My sisterhood umbrella left behind, I watched the sky darken and a shitstorm of shitty shitastrophes roll in. My mother was dying of cancer. A deadbeat client owed me $12,000, and projects got scarcer as the magazine industry imploded. Our children’s principal insisted things were fine while a troubled transfer student tormented one son for a year. My other son’s teacher was removed from that post after we parents raised hell. All I can say about that teacher's drama was that it was a pain, a tough pill to swallow and a numbing experience for certain adults involved. Talk about a prescription for stress. I was in fight mode all the time.
I sat in bed so often that the mattress formed a sinkhole. “You act like you’re on punishment,” my husband Kelvin would say, urging me to get some air. One dark night of the soul, I prayed and laid awake until 5 a.m. when I could call my sister Marilyn, who wakes early for hospital rounds. She listened through two hours of tears, then called me daily until I’d connected with a mental health provider.
My girlfriends? Truth is, I didn’t share the truth with many for a while. But my blood sisters circled close. Marilyn blew up my phone, meanwhile dealing with Mom’s doctors and hospice. Carolyn corralled me and my kids for walks in the woods with her dogs. Jeanne sprung for airfare and a week at the beach. Karen visited, bringing gourmet goodies, dirty jokes and gifts for the boys. They covered me with prayers and hugs. I used my time sitting on the bed to make a vision board and thousands of contacts on LinkedIn. I threw a party in the city to reconnect with girlfriends.
Things got better.
Here in The Sisterhood, things are better.
I’ve been thinking about the ‘hood since last month, when a squad of us Black women from AARP met up in New Orleans for our Block Party at The Essence Music Festival, which AARP has sponsored for several years. Traveling alone, I marveled at the departure gate packed with beautifully dressed Black women of all shapes, sizes and shades. They talked about
Girls’ Trip and
How to Get Away with Murder and church and shopping. I felt a tinge of sadness because, on this work trip, I wasn’t with friends or family. Fortunately, a Mississippi native named Velvet and her girls adopted me as we boarded the “soul plane.”

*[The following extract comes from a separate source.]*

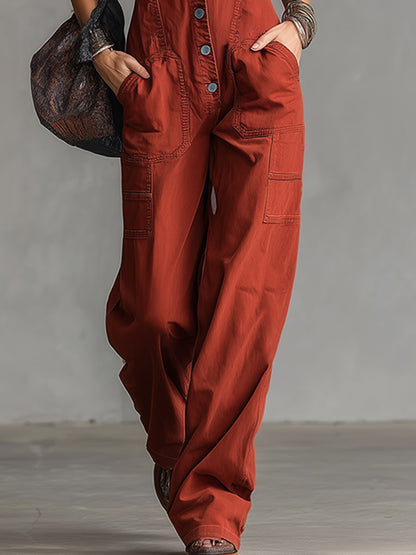 Retro-Chic Rust-Red Collared Denim Jumpsuit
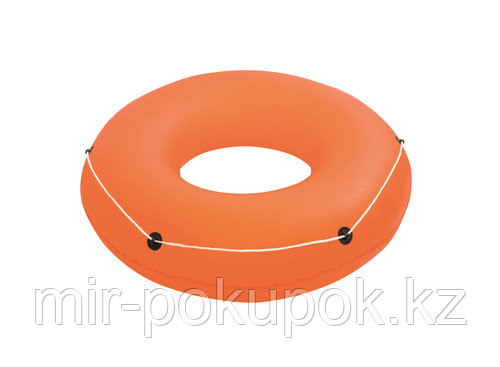 Надувной круг для плавания с канатом, диаметром 119 см (оранжевый, голубой, зеленый) BESTWAY 36120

Later, I met in the hotel lobby with AARP’s talented and fun-loving #sisterssquad. Dian art directs this newsletter. Shani makes sure AARP is in the house at Essence Fest, the Stellar Awards, Tom Joyner Family Reunion and annual events with The Links, Alpha Kappa Alpha (AKA) sorority, Omega Psi Phi fraternity, NAACP and many more. Edna honchos multicultural outreach, including recently linking up with AARP’s Movies For Grownups team. Together, they treated 12,000 moviegoers around the country to free screenings of
The Black Panther when it opened. Kellye delights guests with activities at our booth: Spinning a prize wheel; playing an augmented reality game; jamming to Kendrick Lamar, Beyoncé and En Vogue; taking selfies with Vivica Fox, Kim Coles and Holly Robinson Peete. I texted an update to Maya, who connects you with our social media.
My fave Block Party activity was a giant blackboard where guests with colored markers covered every square inch with answers to this question: “What can sisters do to support each other’s dreams?” They wrote “Don’t judge each other,” “Pray without ceasing,” “Smile @ each other,” and even “$$Pay full price. $$ No hook-ups! $” Busy meeting and greeting, I missed writing my answer.
Here it is: “Tell one another the truth.”
Truth. I feel blessed that you’ll visit with
Sisters each week. Holly told us, “As women, we’re all in a sisterhood. But African American women — we really need each other right now. We can’t afford to let jealousies or pettiness get in the way.” Tanasha Driver of Newark, N.J., visiting with college friends, told me, “We are power for one another. Without that, it’s harder for us to make it.”
She is definitely feeling The Sisterhood. So am I. Fam, it’s great to be back in the ’hood.